484. Sarita y su transportín rosa

    El día que Sarita cumplió los diez años de edad, salió a jugar a la calle con un transportín rosa. Era la primera vez que sacaba a relucir aquel habitáculo. Pese a que era de metal, estaba provisto de cuatro ruedas directrices y un asa ajustable de la que tirar para su fácil desplazamiento. Hasta ahí todo normal, salvo por el enorme candado de combinación de seis dígitos que aseguraba el encierro de lo que hubiera dentro.

    Aquel día, como es lógico, las amistades vecinales de Sarita estaban muy expectantes. Sin miedo alguno, niños y niñas acercaban sus caritas a las rejas de ventilación del transportín, con la intención de adivinar qué animal contenía. Pero el enrejado era tan estrecho que imposibilitaba saberlo. Lo único que percibían era una respiración lenta y profunda. Así que, con desbordante exaltación, pedían a Sarita que, por favor, les saciara su curiosidad. 

    Sarita, sin embargo, no hacía más que bromear. Tan pronto les decía que llevaba una rata gigante capaz de arrancarles la pierna de un mordisco, como que era el mismísimo Stripe descansando de sus tropelías nocturnas. Pero de momento, por orden expresa de sus padres, tenía prohibido desvelar la clase de animal que había dentro.
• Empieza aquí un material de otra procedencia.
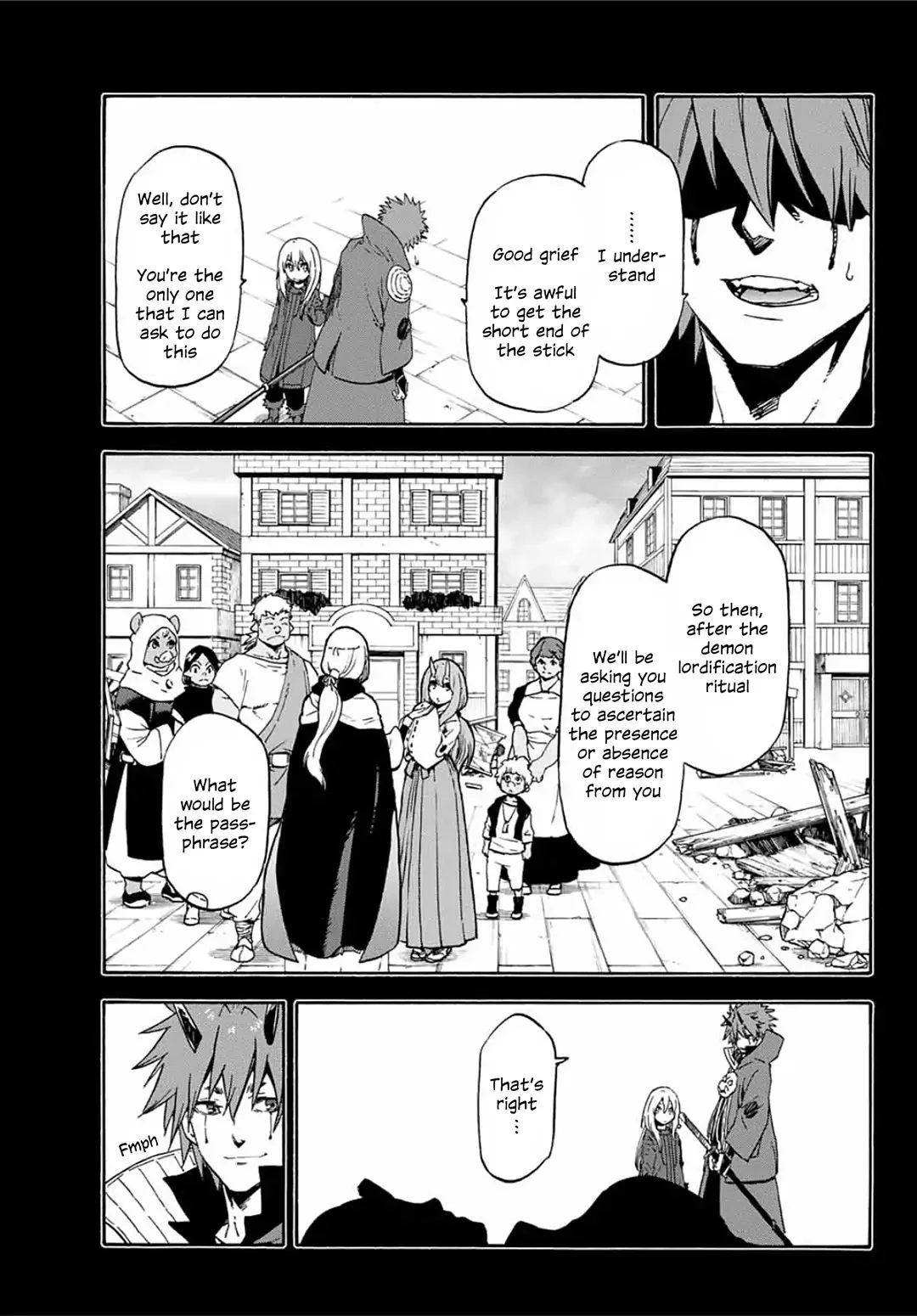 Read Tensei Shitara Slime Datta Ken EN Manga Online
Lo único que les podía confesar era que tenía que pasearlo durante una hora diaria y llevarlo de vuelta a casa.

   Así pues, en los días que siguieron, Sarita tiraba de su enigmático transportín en compañía de todos sus amigos y amigas por aquella modesta urbanización del extrarradio. Los adultos salían a regar el césped, a lavar el coche o a sentarse bajo el soportal, sin escatimar en saludos a ese animado grupo de niños y niñas que cantaban mientras iban montados en bicicleta, en patinete o a pie, con Sarita a la cabeza. No en vano empezaron a llamarlos La pandilla del transportín rosa.

   Puede que a causa de aquellas inocentes melodías, en algunos momentos del trayecto, lo que fuera que paseara Sarita emitía extraños gruñidos de complacencia. Entonces la pandilla reía y varios de sus integrantes saltaban de puro disfrute. Cuando llegaba la hora de regresar, se despedían de Sarita y de la misteriosa criatura, la cual producía inquietantes gemidos animalescos —quién sabe si de afecto—, que llegaban hasta ellos a través del enrejado baboseado del transportín.

    Una vez en casa, Sarita contaba a sus padres todo lo acontecido en aquellos alegres paseos. Estos se miraban ilusionados por lo relatado, y opinaban que los progresos obtenidos eran más que significativos: ¡Estaba aceptando a los amigos de Sarita! Ya pronto la pequeña podría sacarlo del transportín y explicarles que tenía un hermanito deforme con tendencias homicidas llamado Pedrito, al que separaron de su espalda a los tres años de edad, en una complicada cirugía de separación de siameses que duró trece horas.